Another pothole shaking my body and the fishing rods pulls reality back into frame. Just in time for the light to reach us near a receding tide, with tire tracks crossing and recrossing the sand like a legendless map. Shells scattered everywhere, roars from the Atlantic were uncontainable. Clouds billowed, purples started rising to dominate the last gold of the mist miles above our heads. Blue hour was knocking at the door. For a split second I noticed a plane high above the seagulls in my camera’s frame lines: maybe flying would’ve been better for this moment. To see it all from above. But the thought shook off as whispers of night flicked against my skin, with tiny sheets of sand collecting on the hairs on my legs. Everyone drifted toward the water with rods in hand.
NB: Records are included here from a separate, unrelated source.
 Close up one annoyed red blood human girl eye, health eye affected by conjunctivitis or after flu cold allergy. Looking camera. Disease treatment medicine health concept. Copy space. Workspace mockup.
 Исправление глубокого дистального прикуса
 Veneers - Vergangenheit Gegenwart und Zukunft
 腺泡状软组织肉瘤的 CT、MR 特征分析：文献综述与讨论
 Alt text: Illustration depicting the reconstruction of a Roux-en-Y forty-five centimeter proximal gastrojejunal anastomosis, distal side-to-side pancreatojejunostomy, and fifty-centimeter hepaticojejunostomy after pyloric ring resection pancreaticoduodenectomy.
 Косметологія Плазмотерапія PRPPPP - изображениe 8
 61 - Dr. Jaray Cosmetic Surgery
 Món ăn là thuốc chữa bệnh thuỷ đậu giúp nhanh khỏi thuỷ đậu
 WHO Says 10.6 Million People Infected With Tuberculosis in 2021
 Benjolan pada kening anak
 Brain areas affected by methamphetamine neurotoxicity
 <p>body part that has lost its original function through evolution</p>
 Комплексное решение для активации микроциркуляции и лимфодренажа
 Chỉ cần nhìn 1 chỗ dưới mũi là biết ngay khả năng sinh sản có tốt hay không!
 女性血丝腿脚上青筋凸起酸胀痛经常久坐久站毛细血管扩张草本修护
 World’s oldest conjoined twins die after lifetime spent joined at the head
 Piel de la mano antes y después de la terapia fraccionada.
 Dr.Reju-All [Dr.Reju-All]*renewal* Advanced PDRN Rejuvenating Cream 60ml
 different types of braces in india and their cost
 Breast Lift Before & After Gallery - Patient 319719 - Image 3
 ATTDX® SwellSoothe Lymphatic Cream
I caught a few pictures of the tackle and the bait, then sat on top of the truck cab, pondering.
Whatever photographic lessons live here fall squarely into the category of things you only learn by time in the saddle. By not being young anymore, but also many years off from being old. By shedding one shell only to grow into another. Somewhere in the middle of everything, a fact of life insists that we are who we are until we aren’t, and even that feels like a cosmic joke. But pilgrimages to an island—this rare, fleeting, convergence of light and family—is the closest thing to heaven we may document in this dimension. And when you don’t just participate in the memories, but preserve them, you see smiles and love in the eyes of people you never want to lose, fully aware your prints and files and film negatives will have to suffice once they’re gone. It makes the return everything. Knowing that on the other side of all of this is something more than our imaginations can prepare us to fathom. So when the questions come in the middle of radiant and bursting colors of wonder, I raise my Leicas and continue until the only light left is a sea of jewels high and far above the clouds. I relive the intent and passion of my step-grandad with his Minolta, sitting in a beach chair as the sea foam swallowed his feet. And the love of my father, who’s still here, walking the waves with a rod, indifferent to a world of convenience, and certain about the healing powers of returning to this island whenever we can. Every frame and click of mind adds to their lore.
My handwritten notes back in the cottage that night spoke about how every shutter click and film advance shakes us alive fractionally. That in the continuance of this magical energy, there’s a love you can feel in everything if you want to believe it. Reviewing the photographs the following morning confirmed this. Confirmed who and what I am to those who matter. Because in family traditions like this cross cross-country sprint from the Midwest to the coast, we become one with the endurance that drives us to this place, again and again and again. It’s a masterpiece in plain sight. A symphony of meaning. And as long as the legs can carry me here with them, I’ll be present to see it. As will so many more of us. Until there’s nothing East of East to stand on anymore.